1. ## Ring of Polynomials - and their evaluation - What is the link?

Before I ask my question some standard definitions (or rather my understanding of these definitions):

Let $F[x]$ be a ring of polynomials over a field $F$.
i.e. $F[x]$ is a set of symbols of the form
$a_0x^0 + a_1x^1 + a_2x^2 + ... + a_nx^n$ where $a_i \in F$ and $x$ is just a symbol with no meaning whatsoever.

To make it into a ring we define + and . for $p(x),q(x) \in F[x]$. These definitions are nothing but syntax rules to manipulate these symbols (using the + and . which are already defined for the Field, $F$)

Under this definition we can write polynomial equations like
$p(x) = q(x).h(x) + r(x)$
Here all we mean is that when you apply the syntax rules for + and . defined on $F[x]$ you end up with same symbols on both sides of the equation.
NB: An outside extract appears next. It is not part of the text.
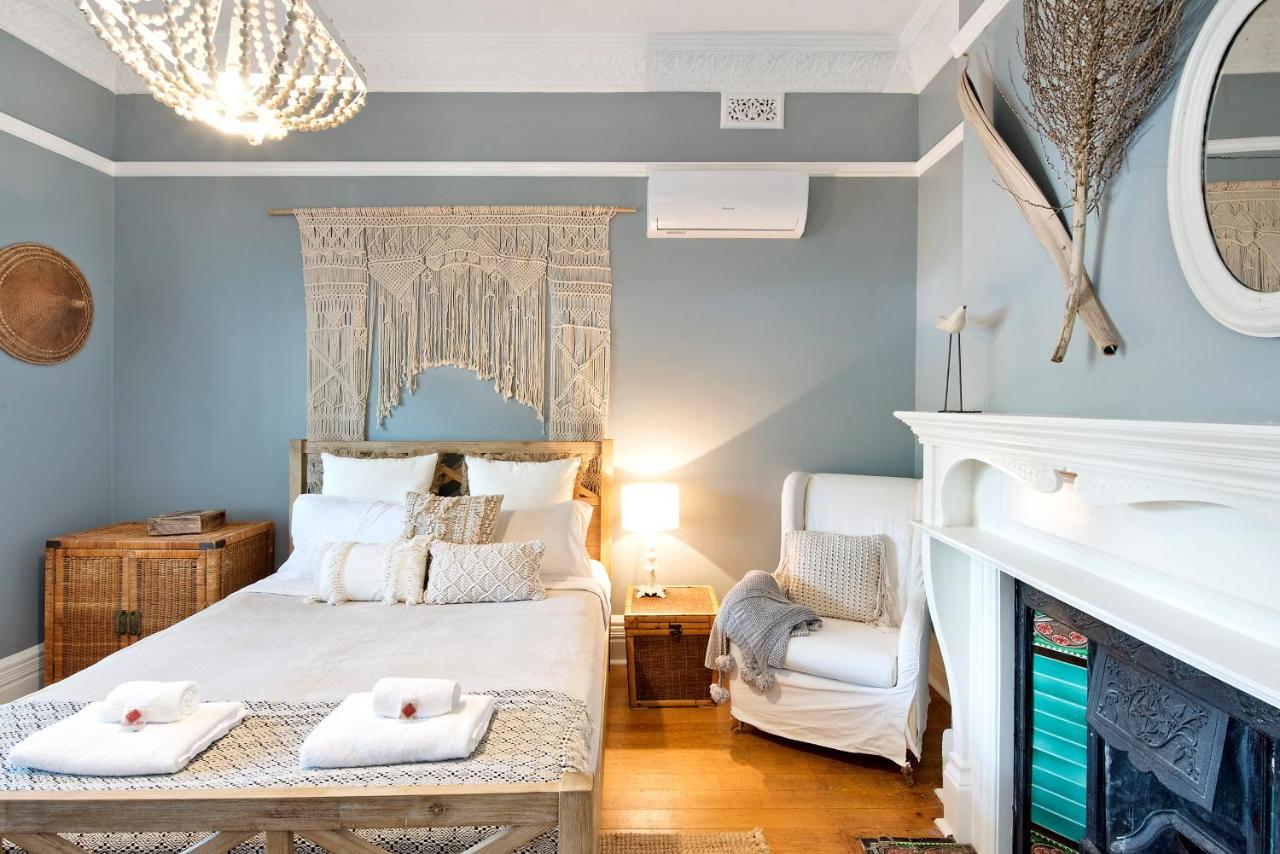 Manly Waves Studios & Apartments Sidney Exterior foto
We assign no meaning to these symbols.

Now we define $x$ as an element of some algebric stucture $A$ where along with + and . we also define $\alpha.x$ where $\alpha \in F$ and $x \in A$. $\alpha.x \in A$. Under this, a polynomial evaluates into an element in the algebric structure $A$. (e.g. of such a structures are: field $F$ itself or a vector space $V$ over $F$)

My question is why should the LHS and RHS of a polynomial equation (as presented above and others as well) evaluate to a same element in $A$ ? What are the properties of $F[x]$ and/or $A$ that make this happen?
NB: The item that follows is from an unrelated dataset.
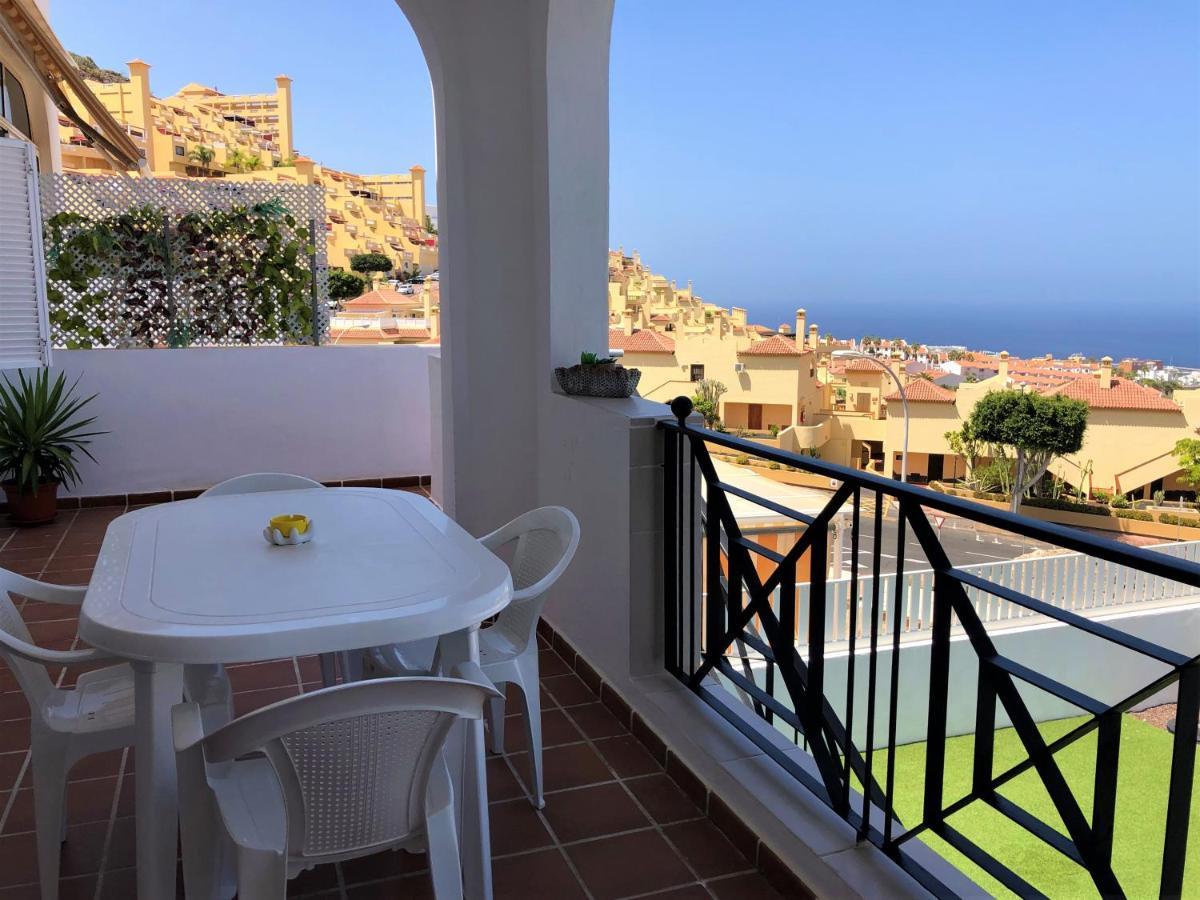 דירות אדחה Panoramic View Balcon Del Atlantico מראה חיצוני תמונה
Not sure if this is relevant question or something too trivial. But I guess it is better to ask. Any pointers would be welcome.
Thanks

2. Originally Posted by aman_cc
Before I ask my question some standard definitions (or rather my understanding of these definitions):

Let $F[x]$ be a ring of polynomials over a field $F$.
i.e. $F[x]$ is a set of symbols of the form
$a_0x^0 + a_1x^1 + a_2x^2 + ... + a_nx^n$ where $a_i \in F$ and $x$ is just a symbol with no meaning whatsoever.

To make it into a ring we define + and . for $p(x),q(x) \in F[x]$. These definitions are nothing but syntax rules to manipulate these symbols (using the + and . which are already defined for the Field, $F$)
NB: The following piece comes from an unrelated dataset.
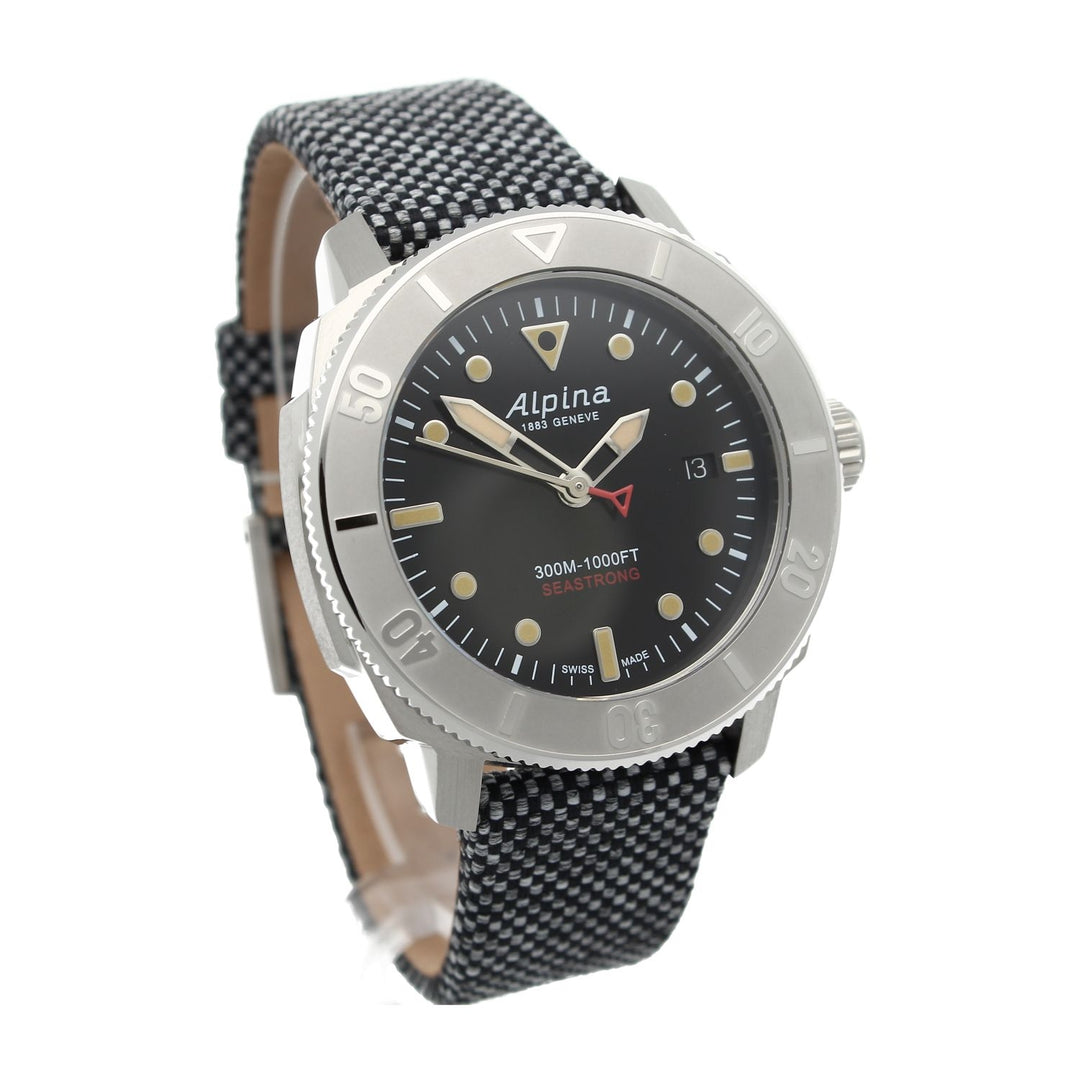 Alpina Seastrong Diver 300 Automatic Calanda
Under this definition we can write polynomial equations like
$p(x) = q(x).h(x) + r(x)$
Here all we mean is that when you apply the syntax rules for + and . defined on $F[x]$ you end up with same symbols on both sides of the equation. We assign no meaning to these symbols.

Now we define $x$ as an element of some algebric stucture $A$ where along with + and . we also define $\alpha.x$ where $\alpha \in F$ and $x \in A$. $\alpha.x \in A$. Under this, a polynomial evaluates into an element in the algebric structure $A$. (e.g. of such a structures are: field $F$ itself or a vector space $V$ over $F$)

My question is why should the LHS and RHS of a polynomial equation (as presented above and others as well) evaluate to a same element in $A$ ? What are the properties of $F[x]$ and/or $A$ that make this happen?

Not sure if this is relevant question or something too trivial. But I guess it is better to ask. Any pointers would be welcome.
Thanks
Requesting some help on this. Thanks